「“ワンチャン逆転できる”みたいな…」闇バイトで若者が犯罪に手を染める理由 応募から加害者となる基本的パターン
闇バイトという言葉は広く知られるようになっていますが、なぜそれでも足を踏み入れてしまうのか。犯罪に手を染めた若者などの社会復帰や、就労などの支援を行う団体「陽和(ひより)」の代表、渋谷幸靖さんは先を見通す力の弱さなどを指摘しています。 【画像で見る】「“ワンチャン逆転できる”みたいな…」闇バイトで若者が犯罪に手を染める理由 応募から加害者となる基本的パターン
■なぜ闇バイトに…“指示役”経験のある支援団体の男性「ワンチャン逆転できる」みたいな
NPO法人「陽和」の理事長、渋谷幸靖さんはかつて、詐欺などの“指示役”として逮捕され、罪を償った過去があります。 自分自身の経験を踏まえ、3年前に愛知県豊田市に自立支援ホームを作りました。 NPO法人陽和の理事長 渋谷幸靖さん: 自立援助ホームという場所になりまして。
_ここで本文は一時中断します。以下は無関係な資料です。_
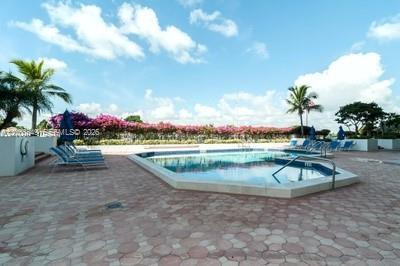 Building Photo - 5700 Collins Ave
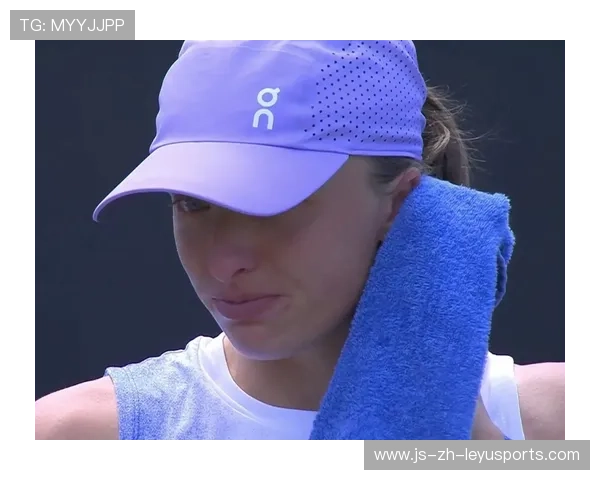 斯瓦泰克那种稳定性，其他人只能仰望，斯瓦泰克服饰赞助品牌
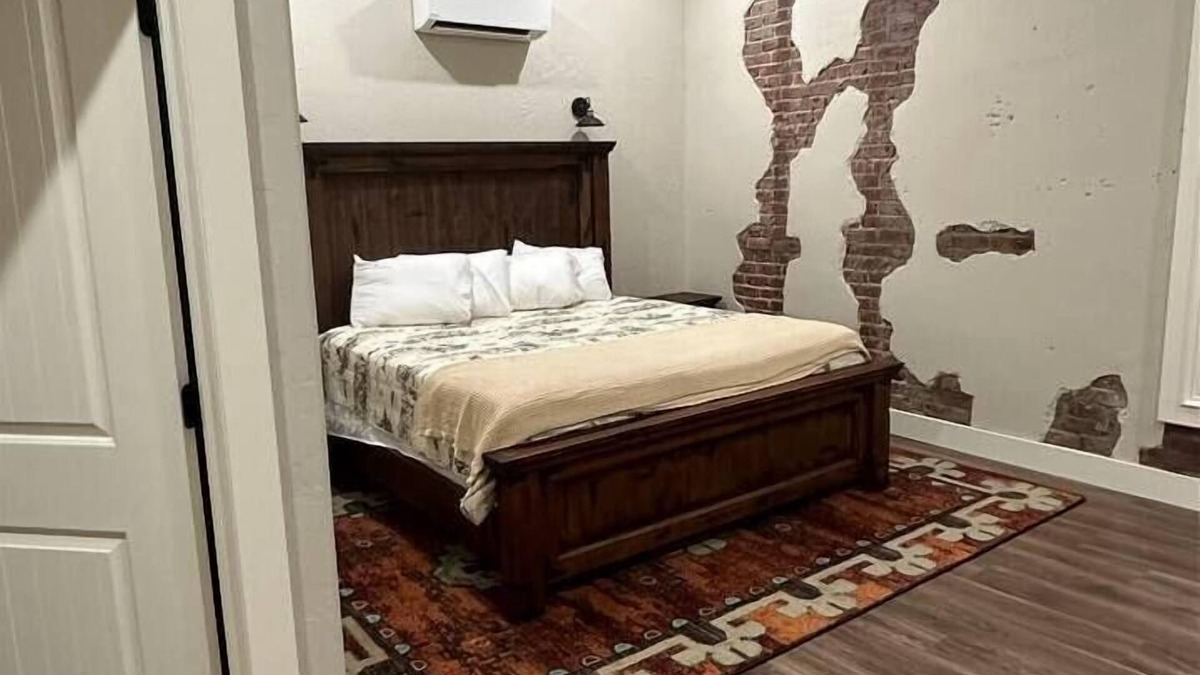 Pawhuska Apartment | The Cross Bell Downtown 202
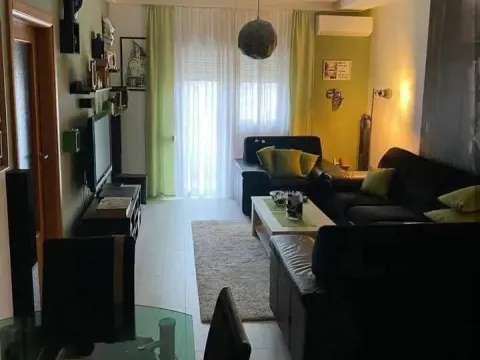 Prodaja, dvosoban stan, 70m², Stari Aerodrom, Podgorica - image 5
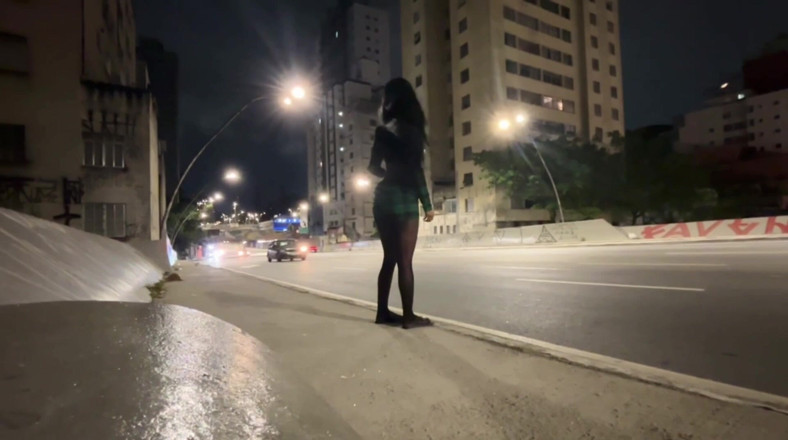 Mirellaoficialx: Sex on One of the Busiest Avenues in Sao Paulo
若者たちが社会へ参加する、自立のために生活する場所です。今、8人の子が生活しています。 NPO法人陽和の理事長 渋谷幸靖さん: 自分が犯罪組織に連絡をしてしまったというような、いろんな若者と関わっていて、加害者となってしまう子たちも何人もいたんですね。 なぜ若者は闇バイトをきっかけに、犯罪に手を染めてしまうのか。 NPO法人陽和の理事長 渋谷幸靖さん: 彼らの用語でいうと「ワンチャン逆転できる」みたいな。本来SNSで100万円の束を見て「お金が稼げますよ、気になる方がいたらメールください」って広告を見たときに、多くの人は怪しいなとか。加害者となる若者ってそれを見て、「俺もこんなに稼げるんだ」って。 目先のことにつられ、先を見通す力が弱い。闇バイトをきっかけに犯罪に手を染める若者の特徴の一つです。
■闇バイトから加害者になる“基本的パターン”
闇バイトをきっかけに加害者になる。警察庁によると、もっとも多く見られる基本的なパターンがまず、SNSで「高額報酬」などと検索し、応募。 すると、犯行グループから連絡が入り匿名性の高いアプリでやり取りを求められます。そこで身分証明書など、個人情報を求められ、送信。 犯罪行為の加担を拒否すれば、個人情報をもとに脅迫され、従わざるを得ないといった流れです。 「1回出るだけで3万円もらえるバイトがあります。やりますか?」 実際に、渋谷さんが関わる16歳の少年のスマホにかかってきた電話の内容です。 NPO法人陽和の理事長 渋谷幸靖さん: 「渋谷さん、いいバイトが見つかりました」って喜んで報告してくれたんです。弁護士のお客さんのところに行って、お金を集金してくる、そこはスーツも全部用意してくれるから僕でもできるんですって。それって受け子や出し子じゃないのって。 自身の経験をもとに、若者の支援にあたる渋谷さん。更生のきっかけは罪を犯して逮捕され、留置所にいたときに面会に来てくれた、母親だったといいます。 NPO法人陽和の理事長 渋谷幸靖さん: 悲しむような母親を1人でも減らすことが、自分にできる唯一の償いなのかなと思って。 渋谷さんは、講演会などで全国を回り、SNSから犯罪とつながらないため必要なことは何なのか考えてもらうきっかけ作りも行っています。 闇バイトを通じて加害者にならないためには、違う世代、違う考えの人との触れ合いが大事だと考えています。 NPO法人陽和の理事長 渋谷幸靖さん: 自分の本音を相談できるような大人が1人でもいれば、未然に防ぐことができたりとか、いろんな相談をできたと思うんですね。子供が本音で(闇バイトなど)の話ができるような親子関係っていう本当に身近なところから始まっていく。